5 Transparency of the Analysis

A proper analysis requires a number of decisions. These include (but are not limited to) decisions about which main effects, interactions, and nonlinear terms are to be included in the model, potential transformations of predictors and/or the response, and subsequent z-transformations of the covariates. Furthermore, conducting a proper analysis means to conduct several checks of model validity and stability which might reveal good or bad results or something in between. All these decisions as well as the results of checks of model stability and validity are an integral and important part of the analysis and should be reported in the respective paper. Finally, also, the software used for the analysis should be mentioned (and in case of R being used also the key functions and the packages (including the version number) that provided them). Otherwise, the reader will be unable to judge the reliability of the analysis and cannot know to what extend the results can be trusted (see also Freckleton 2009).
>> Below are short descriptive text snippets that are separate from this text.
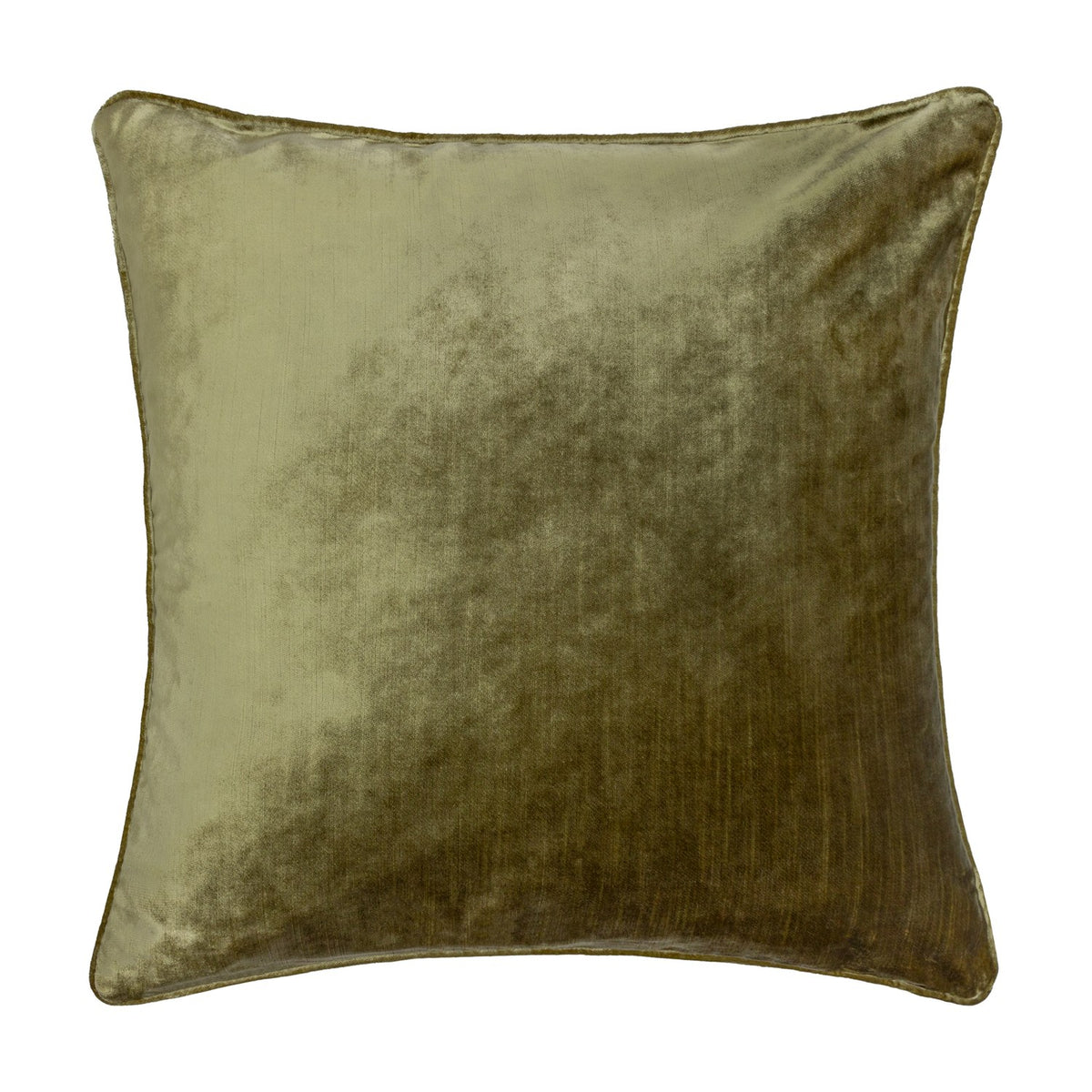 Luxe Velvet Plain Polyester Cushion in olive, square shape with piped edges, showing a soft sheen from pale sage to deeper green, shown on a plain white background.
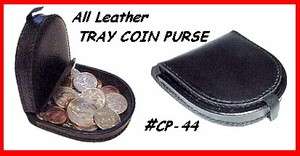 Black All LEATHER TRAY COIN PURSE COIN Wallet  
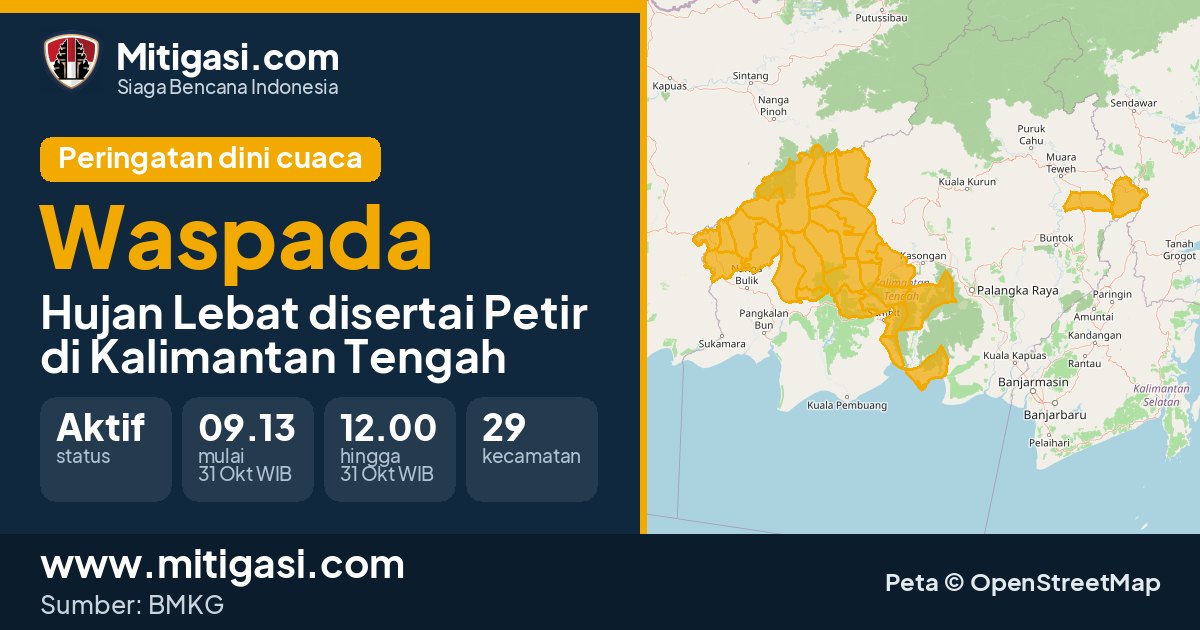 Peringatan dini cuaca BMKG tingkat Waspada di Kalimantan Tengah. (Mitigasi.com/data BMKG)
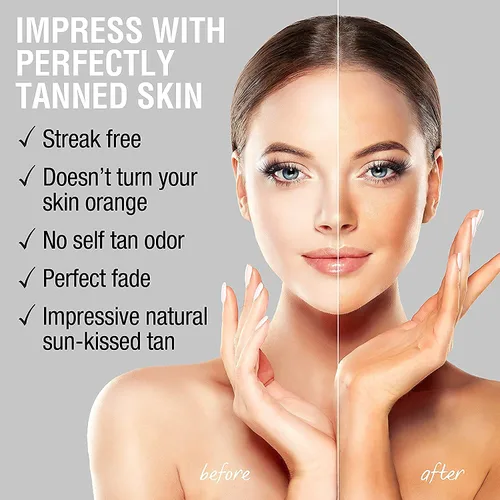 Vista 2 de Suero bronceador facial y aceite seco autobronceador con ácido hialurónico y aceites orgánicos, autobronceadores más vendidos para un brillo dorado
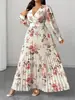 Comercio exterior transfronterizo europeo y americano talla grande otoño 2026 nuevo elegante vestido de longitud media con estampado floral y cuello en V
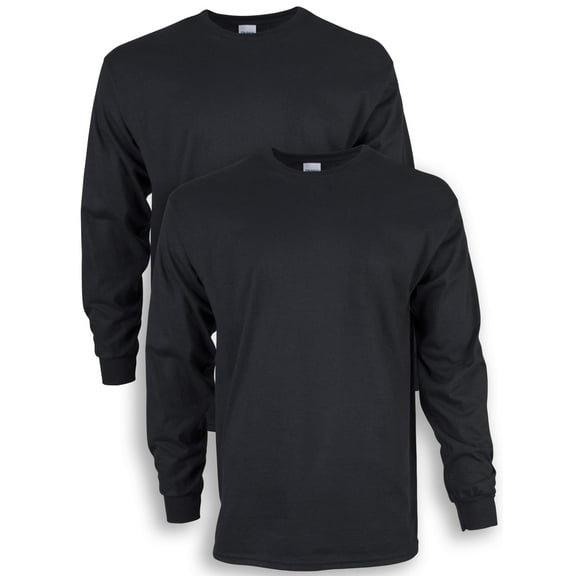 Gildan Long Sleeve Round Neck Plain Cotton, T-Shirt 2-Pack (Unisex)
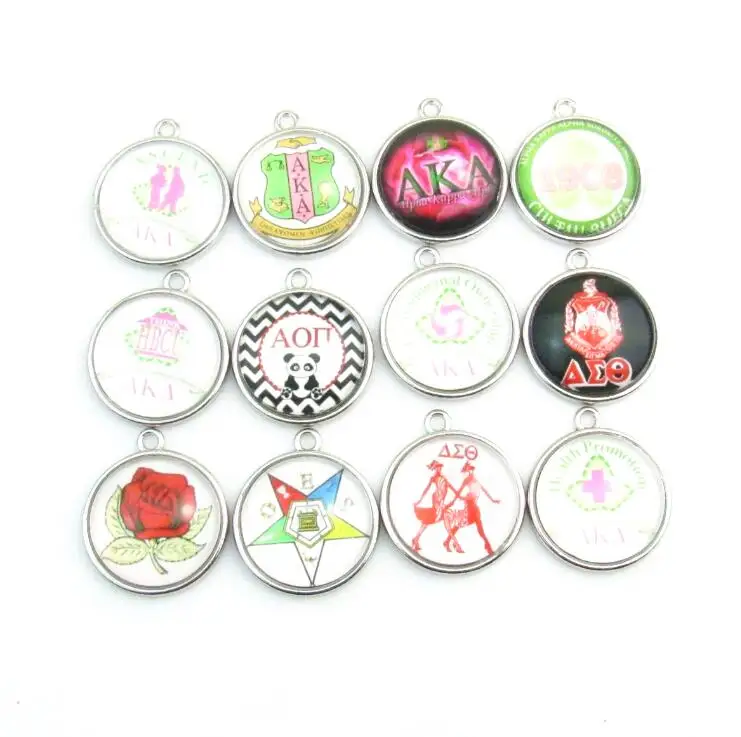 

Hot selling 20pcs Mix Glass AKA Sorority Crest Charm With Alloy AKA Dangle pendant charm For DIY Fashion Women Men Jewelry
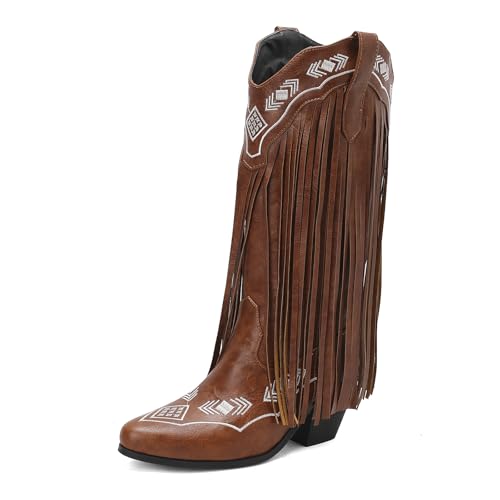 Diuniarza Retro Fransen Stiefel Damen Western Cowboystiefel Ohne Verschluss Quasten Blockabsatz Retro Draußen Stiefel Knee High Braun Gr 34 EU von Diuniarza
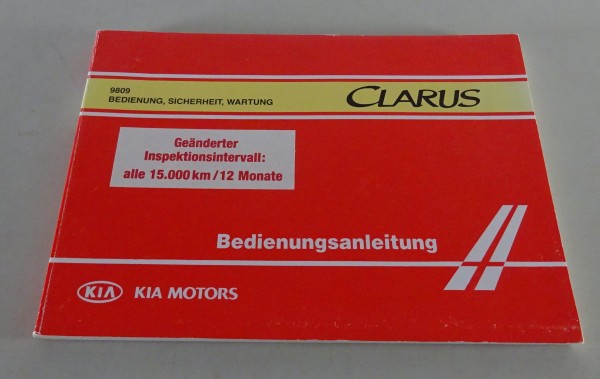 Betriebsanleitung / Handbuch Kia Clarus von 1998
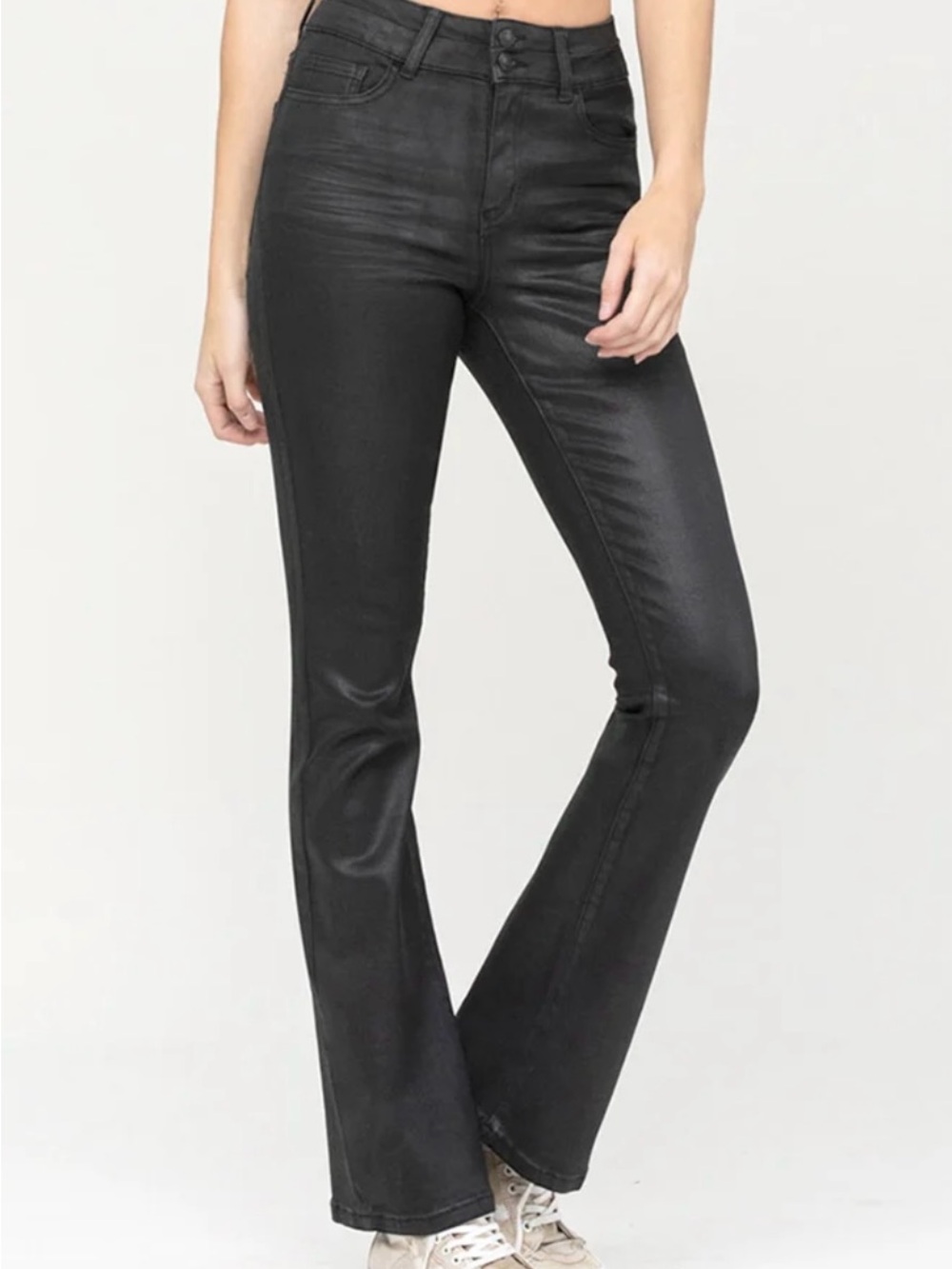 Women’s Black Coated Flared Jeans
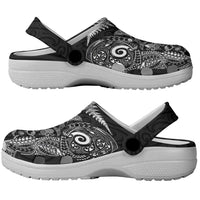 New Zealand Sea Animals Clogs Shoes with Maori Koru Tribal Tattoo and Silver Ferns Black Color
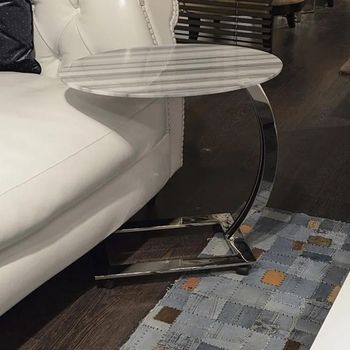 Swan Oval Accent Table Marble with Steel Base - Sizes Available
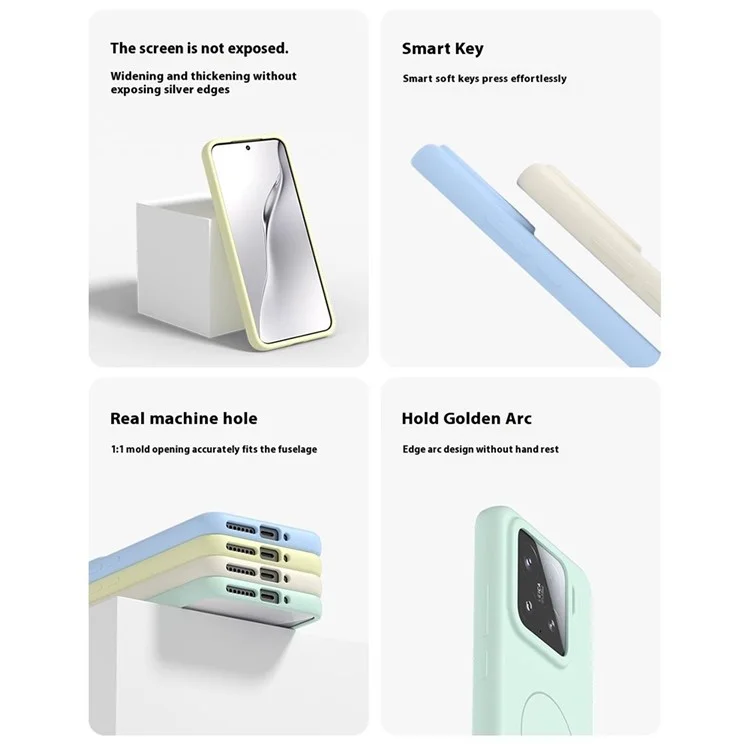 For Xiaomi 15 Liquid Silicone Case Compatible with MagSafe Skin-Touch Phone Cover - White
From my understanding, this means to (1) thoroughly outline the reasoning that took place when the model was formulated; (2) clearly formulate the model analyzed; (3) clearly describe the preparatory steps taken (e.g., variable transformations); and (4) clearly describe the steps taken to evaluate the model’s assumptions and stability and what they revealed. Nowadays, there is usually the option to put extensive information into supplementary materials made available online, and we should use this option! Only by providing fully transparent analyses, we make our projects repeatable, and repeatability is at the core of science.

6 Concluding Remarks

What I have presented here are some of the steps that should be taken to verify the statistical validity and reliability of a PGLS model. I focused on issues and assumptions frequently checked for standard general linear models which begin with the formulation of a scientifically and logically adequate model and continue with its technically valid implementation. At the core of the establishment of the statistical validity and reliability of a model are issues regarding the number of estimated terms in relation to the number of cases, the distribution(s) of the predictor(s), absence of collinearity and influential cases, and assumptions about the residuals. Finally, drawing inference requires special care, and all the steps conducted to verify the model need a proper documentation. What I presented here are largely the steps taken to validate the reliability of a general linear model that I more or less simply transferred to PGLS. However, besides the steps I considered here, the validity of a PGLS model also most crucially depends on a variety of issues specific to PGLS (see introduction) and these must not be neglected neither.

With this chapter, I hope to create more attention for evaluations of whether the assumptions of a given model are fulfilled and to what extend a given model is stable and reliable. Only, once the assumptions of a model and its stability have been checked carefully, one can know how confident one can be about its results.